L’opération « Bouclier de l’Euphrate » entamée il y deux mois a pour objectif de chasser les combattants de l’Etat islamique de la région frontalière et d’empêcher que ce repli profite aux miliciens kurdes des Unités de protection du peuple (YPG) qu’Ankara considère comme l’émanation du PKK. Recep Tayyip Erdogan n’entend pas rester à l’écart de la bataille de Mossoul, tout comme celle qui s’annonce à Raqqa tandis que le ministre des Affaires étrangères turc Mevlut Cavusoglu a déclaré que cette opération doit être menée par les forces locales et ne doit pas impliquer les miliciens kurdes des Unités de protection du peuple (YPG).
De leur côté, les responsables iraniens voient d’un mauvais œil la participation de la Turquie à l’offensive contre le fief historique de l’EI en Irak et n’ont pas tardé pour le faire savoir.
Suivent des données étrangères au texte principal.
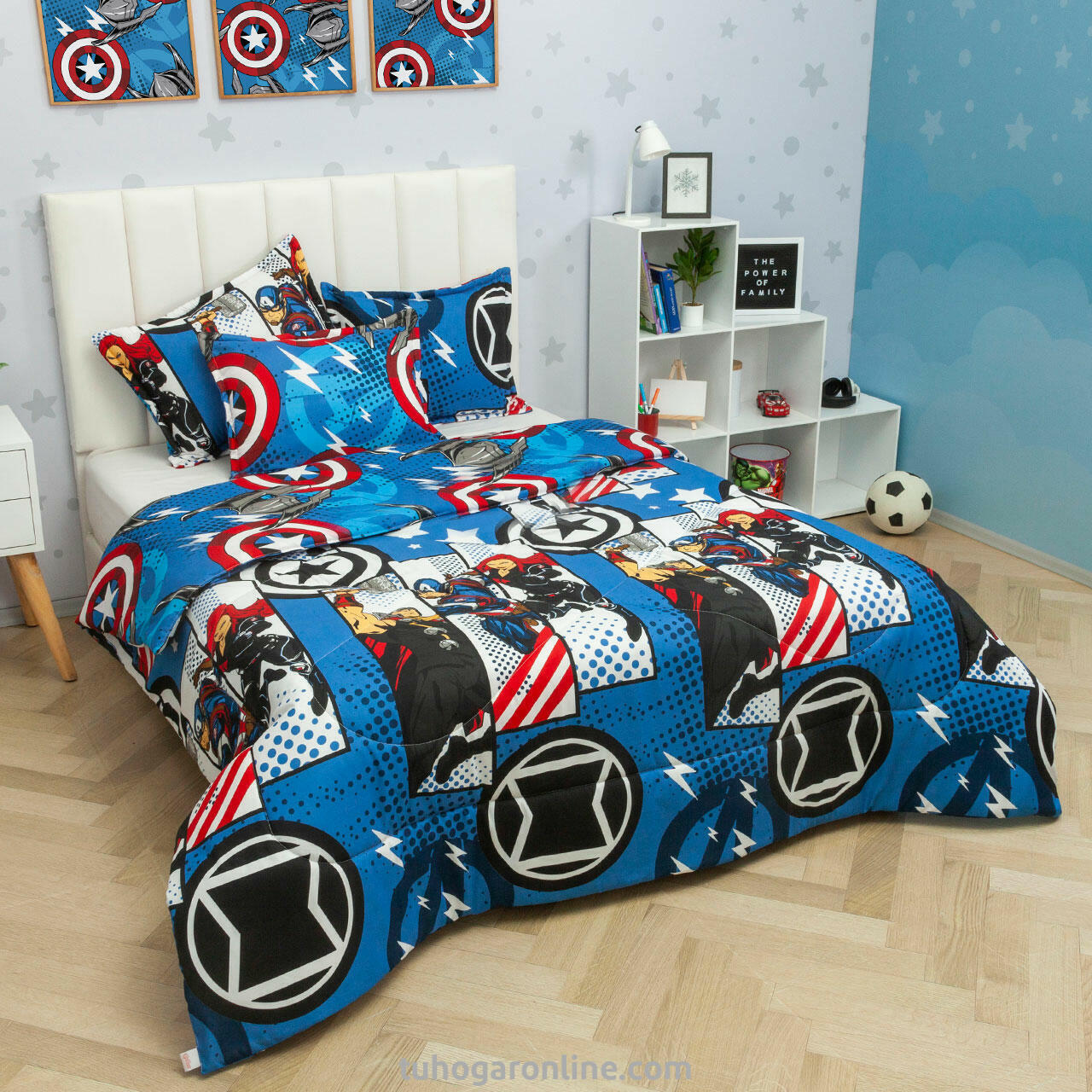 CUBRELECHO ACOLCHADO CAMA SENCILLA MARVEL AVENGERS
Le commandant en chef des troupes soutenant le régime syrien a lancé un avertissement à la Turquie affirmant que tout progression turque en direction de leurs positions au nord et à l’est d’Alep ferait l’objet d’une réponse « décisive et d’un recours à la force ».
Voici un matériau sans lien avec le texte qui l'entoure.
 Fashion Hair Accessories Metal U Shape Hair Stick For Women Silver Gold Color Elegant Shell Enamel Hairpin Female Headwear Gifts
Autre point sensible dans la guerre contre Daech, l’implication de la Russie. Face à des Occidentaux en retrait, le président russe a multiplié les postures intimidantes pour maintenir un avantage géostratégique et prouver qu’il était un acteur incontournable au Moyen-Orient. Ainsi, après avoir fait patrouiller l’an passé des bombardiers à capacité nucléaire au large des côtes françaises et britanniques, un porte-avions russe vogue actuellement au large de l’Ecosse en direction de la Syrie où Vladimir Poutine mène la danse, en bombardant à Alep les rebelles armés par les Occidentaux, ainsi que des hôpitaux pour pousser les habitants à la fuite. Seule la ville de Mossoul, en Irak, ne dépend pas du bon vouloir de la Russie.
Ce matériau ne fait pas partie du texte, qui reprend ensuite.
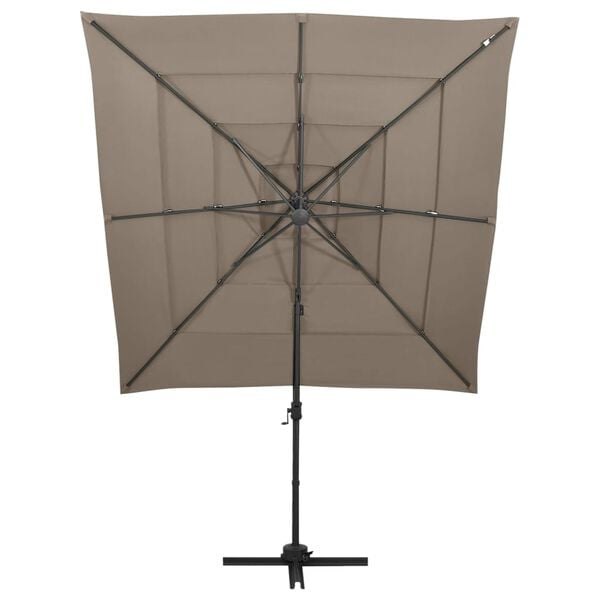 vidaXL parasol med aluminiumsstang 4 niveauer 250x250 cm gråbrun
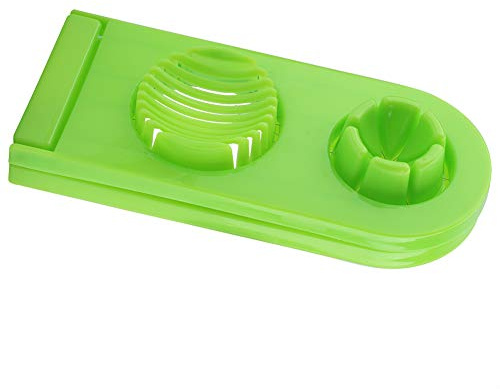 Eierschneider, Erdbeerschneider, Eierschneider Für Gekochte Eier, Eierschneider Mit Doppelfunktion, Gemüseschneider, Küchenhelfer Für Die Hausmannskost(Grün)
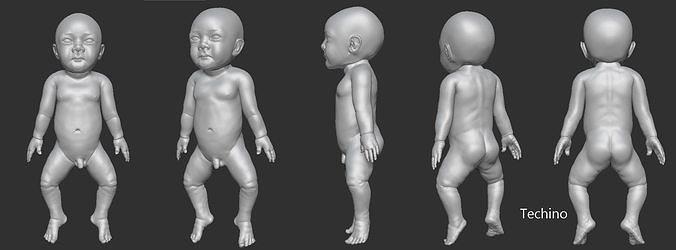 realista bebé 3d impresión recién nacido muñeca personaje juguete lindo niño dibujos animados humano chico niña anatomía Arte niños hombre 3dprint esculturas 3d print model - Mito3D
Depuis plusieurs années, la Russie a musclé son rapport de force avec les Occidentaux. En prenant le risque il y a quatre ans de soutenir un autocrate en pleines « révolutions arabes », Vladimir Poutine savait déjà qu’aucun pays occidental ne tenterait de destituer Bachar el-Assad. Il a donc attendu que l’Etat islamique se déploie, profitant du chaos ambiant pour agiter la menace islamiste et contraindre les Occidentaux à reconnaître que le Président syrien ne représentait pas une menace aussi grande que celle que constitue Daech.
L’annonce la semaine dernière du déploiement de missiles balistiques à capacité nucléaire Iskander dans l’enclave russe de Kaliningrad a crispé les Européens, à commencer par la Lituanie, première concernée. « Battage médiatique », a répliqué Igor Konachenkov, le porte-parole du ministère russe de la défense. Alors que le Kremlin reste maître du jeu sur le terrain militaire, jamais il n’a été aussi isolé diplomatiquement, en froid avec les Etats-Unis et les Européens, ce qui le rend que plus agressif à leur égard. Pourtant, Vladimir Poutine continue d’avancer ses pions sans frémir.
En tout état de cause, les dissensions actuelles entre les grandes puissances sur le dossier syrien prouvent que la chute de Mossoul sera le prélude à d’autres confrontations, plus fortes encore.